As I have detailed so many times, government management of waste disposal doesn’t work. Policies should focus on allowing market forces to work and for prices and competition between disposal options govern the process.

Still, ensuring proper waste disposal is particularly difficult because the major sources of plastic entering oceans are outside of our control. As CEI has pointed out elsewhere, and as the EPA’s Federal Strategy for Addressing the Global Issue of Marine Litter acknowledges, a large majority of waste in the oceans emanates from China and other Asian nations that lack the market institutions—such as private property, market pricing, and economic freedom in general—necessary to efficiently manage waste. And these governments often don’t pay too much attention to waste disposal, allowing trash to migrate from dumps into waterways.

In the United States, we have the economic development and resulting wealth that provides both the resources and willingness to pay for proper waste disposal. In addition, there is some competition and market pricing of disposal options—despite local governments’ over-involvement in this industry—which is why our waste is generally managed well and little of it enters waterways. According to one analysis, the U.S. contribution to plastics in the ocean is less than 1 percent, while more than 50 percent comes from China and just four other Asian nations.

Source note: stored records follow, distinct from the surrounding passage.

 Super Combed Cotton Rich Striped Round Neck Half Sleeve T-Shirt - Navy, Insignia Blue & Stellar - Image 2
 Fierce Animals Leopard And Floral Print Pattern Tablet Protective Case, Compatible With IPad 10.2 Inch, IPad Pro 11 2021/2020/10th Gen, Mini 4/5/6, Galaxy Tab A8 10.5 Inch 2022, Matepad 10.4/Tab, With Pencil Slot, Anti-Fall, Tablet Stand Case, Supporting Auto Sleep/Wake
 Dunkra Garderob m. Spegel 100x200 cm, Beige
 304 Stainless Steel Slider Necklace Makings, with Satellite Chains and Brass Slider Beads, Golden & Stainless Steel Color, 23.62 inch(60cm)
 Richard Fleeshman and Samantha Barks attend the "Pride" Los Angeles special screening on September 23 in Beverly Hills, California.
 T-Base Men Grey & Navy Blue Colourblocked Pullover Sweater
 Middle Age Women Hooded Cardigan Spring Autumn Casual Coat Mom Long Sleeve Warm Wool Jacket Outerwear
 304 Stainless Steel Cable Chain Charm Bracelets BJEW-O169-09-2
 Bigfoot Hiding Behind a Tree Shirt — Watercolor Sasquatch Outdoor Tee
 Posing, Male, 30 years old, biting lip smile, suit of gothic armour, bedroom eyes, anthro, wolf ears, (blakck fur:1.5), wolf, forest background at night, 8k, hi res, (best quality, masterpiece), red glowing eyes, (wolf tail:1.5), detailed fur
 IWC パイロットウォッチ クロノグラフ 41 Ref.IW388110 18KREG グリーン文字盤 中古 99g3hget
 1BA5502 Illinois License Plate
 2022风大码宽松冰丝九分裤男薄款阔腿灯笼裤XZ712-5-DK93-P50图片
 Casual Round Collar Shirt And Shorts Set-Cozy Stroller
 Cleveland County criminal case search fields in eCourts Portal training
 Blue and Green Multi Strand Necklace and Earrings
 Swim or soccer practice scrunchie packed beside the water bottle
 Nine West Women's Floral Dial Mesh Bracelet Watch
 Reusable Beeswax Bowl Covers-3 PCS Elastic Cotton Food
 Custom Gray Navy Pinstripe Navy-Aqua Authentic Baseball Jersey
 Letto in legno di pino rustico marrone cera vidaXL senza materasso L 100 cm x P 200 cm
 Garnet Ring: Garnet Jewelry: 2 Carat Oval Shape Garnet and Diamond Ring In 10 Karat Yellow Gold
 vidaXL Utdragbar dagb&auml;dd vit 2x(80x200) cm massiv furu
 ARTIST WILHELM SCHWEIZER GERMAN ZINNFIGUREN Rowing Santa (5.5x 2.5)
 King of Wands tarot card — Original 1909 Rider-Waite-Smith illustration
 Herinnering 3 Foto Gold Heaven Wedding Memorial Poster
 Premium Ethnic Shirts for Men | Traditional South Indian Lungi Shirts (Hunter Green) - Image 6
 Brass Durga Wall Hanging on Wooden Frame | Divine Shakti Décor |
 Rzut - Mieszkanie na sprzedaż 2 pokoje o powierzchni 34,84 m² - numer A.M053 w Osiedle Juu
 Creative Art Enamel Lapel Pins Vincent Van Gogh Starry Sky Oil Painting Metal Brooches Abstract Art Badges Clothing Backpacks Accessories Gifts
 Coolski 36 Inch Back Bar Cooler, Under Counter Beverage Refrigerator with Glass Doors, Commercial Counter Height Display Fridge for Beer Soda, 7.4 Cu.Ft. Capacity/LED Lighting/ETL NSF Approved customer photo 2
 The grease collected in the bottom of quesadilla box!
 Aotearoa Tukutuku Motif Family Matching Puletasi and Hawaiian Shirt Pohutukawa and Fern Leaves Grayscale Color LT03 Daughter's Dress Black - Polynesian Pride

Certainly, we could still do better. U.S. waste disposal problems result because many local governments try to micromanage the trash market. Rather than allow competition and market pricing, they subsidize and prop up politically favored options, particularly recycling. As a result, many U.S. localities squander gobs of local tax revenues to subsidize recycling programs that use more resources than they save. These programs do more environmental harm than good.

Unfortunately, this socialistic model for waste disposal underlies many of the recommendations found in theEPA’s strategy. We should dispose of trash-market socialism here rather than try to export those bad ideas.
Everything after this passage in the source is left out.